__Exercise aim__
Only one part of the listing is needed: the lines from the one with "this 512×288 image." through the last line, copied exactly and free of pictures.

__Task inputs__
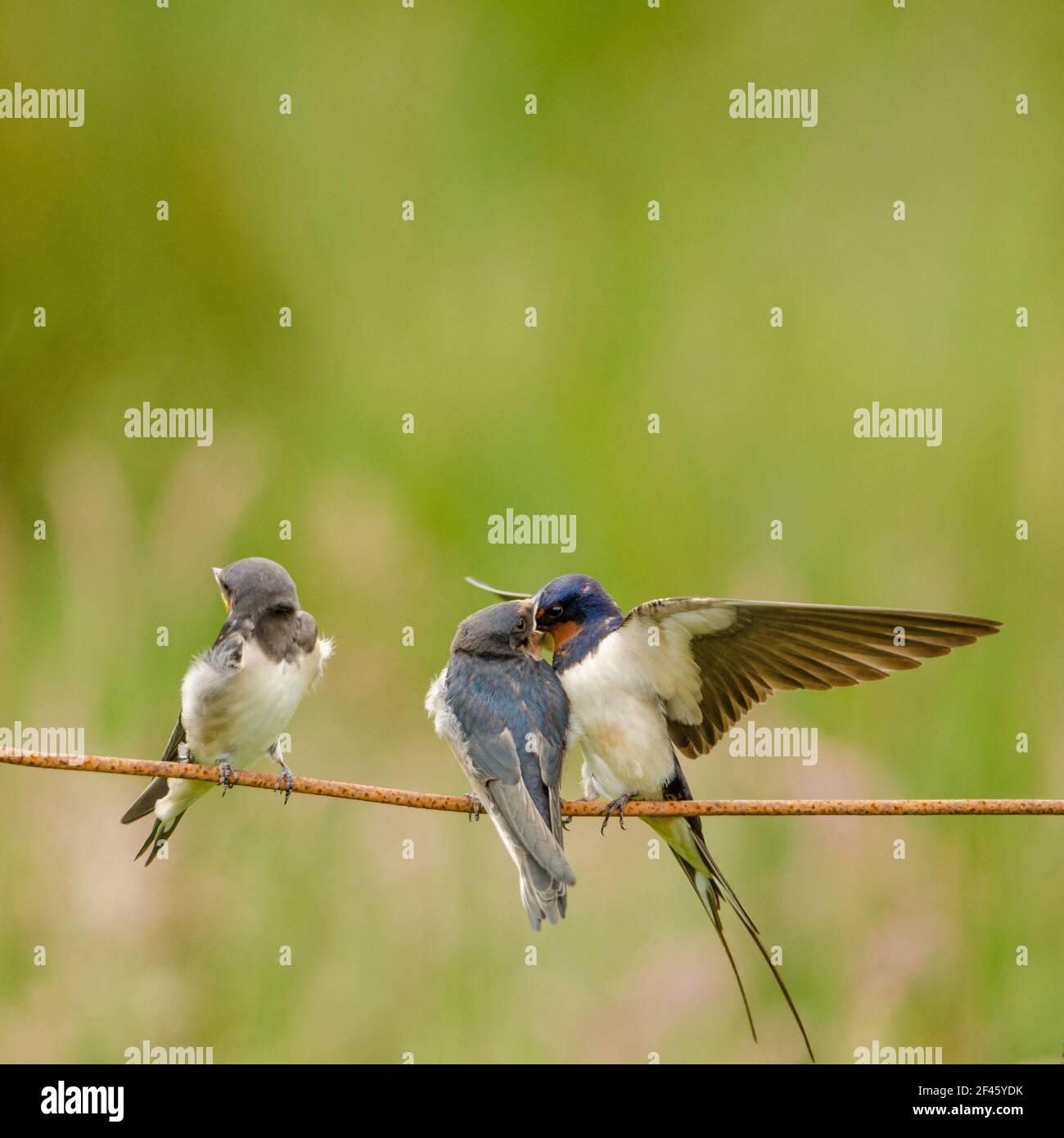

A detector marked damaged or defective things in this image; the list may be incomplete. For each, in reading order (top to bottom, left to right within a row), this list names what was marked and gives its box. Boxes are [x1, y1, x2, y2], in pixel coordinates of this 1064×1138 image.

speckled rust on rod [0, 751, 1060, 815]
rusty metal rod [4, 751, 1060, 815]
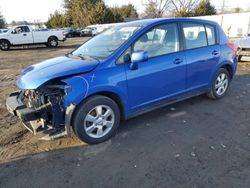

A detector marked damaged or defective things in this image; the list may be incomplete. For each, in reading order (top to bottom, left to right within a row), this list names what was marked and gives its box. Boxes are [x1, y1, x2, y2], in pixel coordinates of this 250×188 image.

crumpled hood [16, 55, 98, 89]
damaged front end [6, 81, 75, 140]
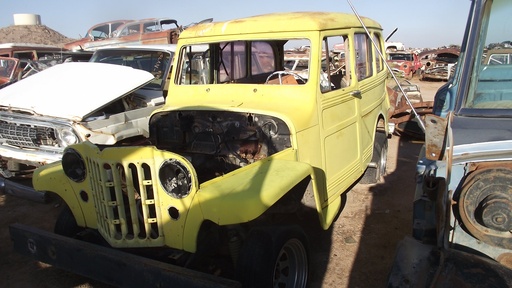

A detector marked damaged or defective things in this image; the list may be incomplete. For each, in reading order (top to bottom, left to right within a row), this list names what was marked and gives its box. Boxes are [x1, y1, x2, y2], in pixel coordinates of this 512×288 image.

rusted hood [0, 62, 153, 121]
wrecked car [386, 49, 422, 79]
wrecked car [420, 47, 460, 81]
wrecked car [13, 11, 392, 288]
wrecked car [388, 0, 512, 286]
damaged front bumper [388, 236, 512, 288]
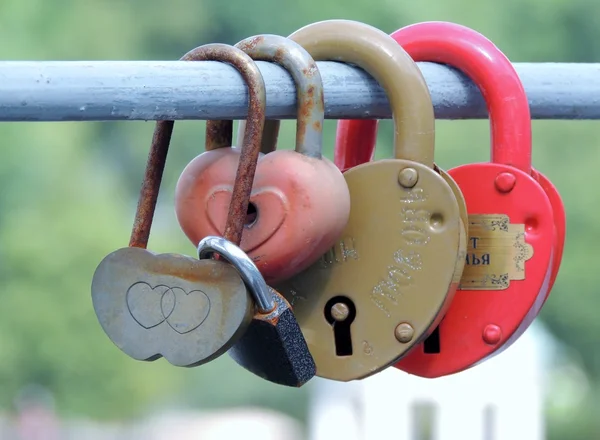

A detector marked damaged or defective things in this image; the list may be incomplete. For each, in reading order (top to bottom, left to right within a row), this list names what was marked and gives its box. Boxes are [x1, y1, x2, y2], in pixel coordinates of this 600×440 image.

__Answer below__
A detector marked damaged or defective things in this image; the list may be incomplete. For each, in reading order (top to bottom, left to right within a row), this list names what was marked and gives its box. Boxes are [x1, y1, x2, y2], in pixel coordinates of this 512×288 image.

rusted hood [0, 62, 153, 121]
wrecked car [386, 49, 422, 79]
wrecked car [420, 47, 460, 81]
wrecked car [13, 11, 392, 288]
wrecked car [388, 0, 512, 286]
damaged front bumper [388, 236, 512, 288]

A detector marked damaged or defective things in this image; the list may be incomplete. For each, in reading order (top to bottom, left to right within a row), this list names what was marked and gives its box. Boxes are [x1, y1, x2, y2], in pixel coordinates of this 600×440 image.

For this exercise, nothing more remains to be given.